Я прибыл в расположение, но на меня никто не обращал внимания. Спрашиваю у бойцов: «Кто командир?» Называют фамилию, которую я раньше даже не слышал. Говорят, в те дни командиров очень часто меняли. Подхожу к офицеру, докладываю: вернулся из отпуска, жду распоряжений. «Ты не мой подчиненный», — сказал командир и отправил к другому офицеру, который, в свою очередь, направил к третьему…

Короче говоря, почти неделю я ходил по части как неприкаянный. Никому не был нужен. Потом мне снова стало хуже. Я подошел к офицеру и рассказал, что осколок из меня так и не достали. «Так чего же ты тут бродишь? Отправляйся в госпиталь!» Снова поехал. И снова меня не приняли.

«Завтра поеду в военную прокуратуру признавать свою вину»
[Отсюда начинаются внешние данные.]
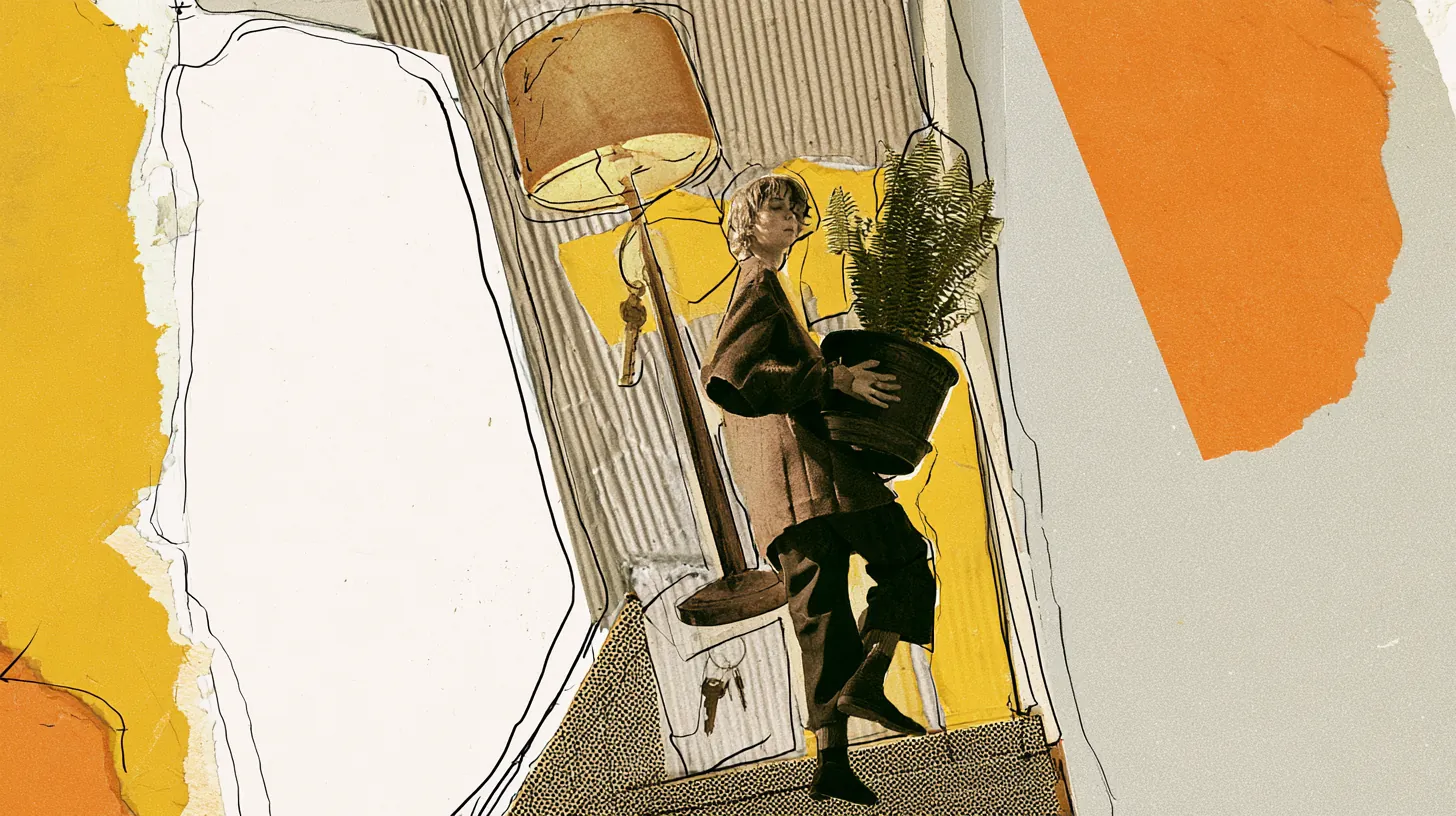 American recent graduate carrying a floor lamp and a potted fern up an apartment stairwell on moving day after a moving loan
Осенью 2014 года Александр Корецкий несколько раз пытался лечь в госпиталь на лечение, но ему по-прежнему отказывали под предлогом отсутствия мест. Тогда он снова возвращался в воинскую часть, где тоже не был никому нужен.

— Я говорил командиру: «Дайте мне хоть какое-то задание!» — продолжает Александр. — Но тот только отмахивался: «Отдыхай, лечись. Чего тебе еще не хватает?» А однажды, когда я в очередной раз прибыл в расположение части, меня отправили домой: «В части тебе делать нечего — ты все равно в самоволке числишься. Отправляйся домой и… готовься к суду. Лет пять получишь».
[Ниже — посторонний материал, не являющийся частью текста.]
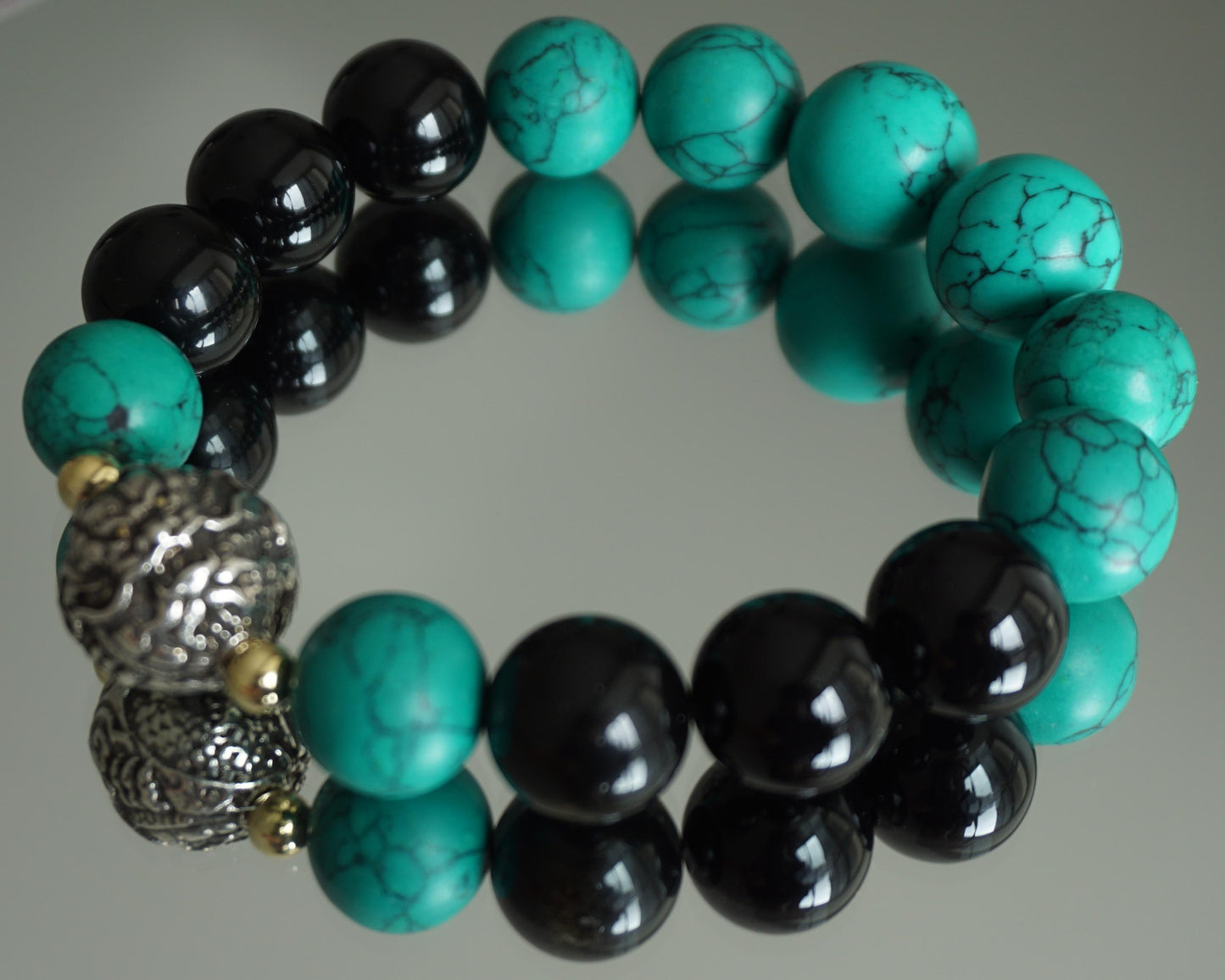 Azure Dragon Energy Bracelet - Amazonite & Obsidian Wealth Success Bracelet - Career Growth - Luck Attraction - Chinese Zodiac Crystal Jewelry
Я был в шоке! Какая самоволка? Я же докладывал руководству о каждом своем шаге. Рассказывал, что меня не принимают в госпиталь, не достают осколок. Но делать было нечего. Отправился домой.

Время от времени у меня начиналась горячка. Я терял сознание. Начал сильно хромать. Однажды к нам в гости забрели охотники (я с родителями живу на хуторе в лесу). Один из гостей спросил меня, почему хромаю. Ну я и рассказал все, как было. А этот охотник оказался демобилизованным офицером. Тут же позвонил кому-то по телефону: «Немедленно принять бойца Корецкого на лечение!»

На следующий день в Луцком военном госпитале меня положили в палату и начали готовить к операции. Но эта операция оказалась какой-то полулегальной. Врач, собиравшийся меня оперировать, даже на рентген не отправил. Вколол лекарство и начал резать по живому. Наркоз прошел как-то очень быстро. Он режет — я ору. Тогда врач сказал, что операцию прекращает. Мол, у него что-то не выходит. Наскоро зашил и отправил в палату. А через пару дней меня выписали, так, по сути, и не оказав помощи.

Хожу с осколком по сей день. Никто не хочет оперировать.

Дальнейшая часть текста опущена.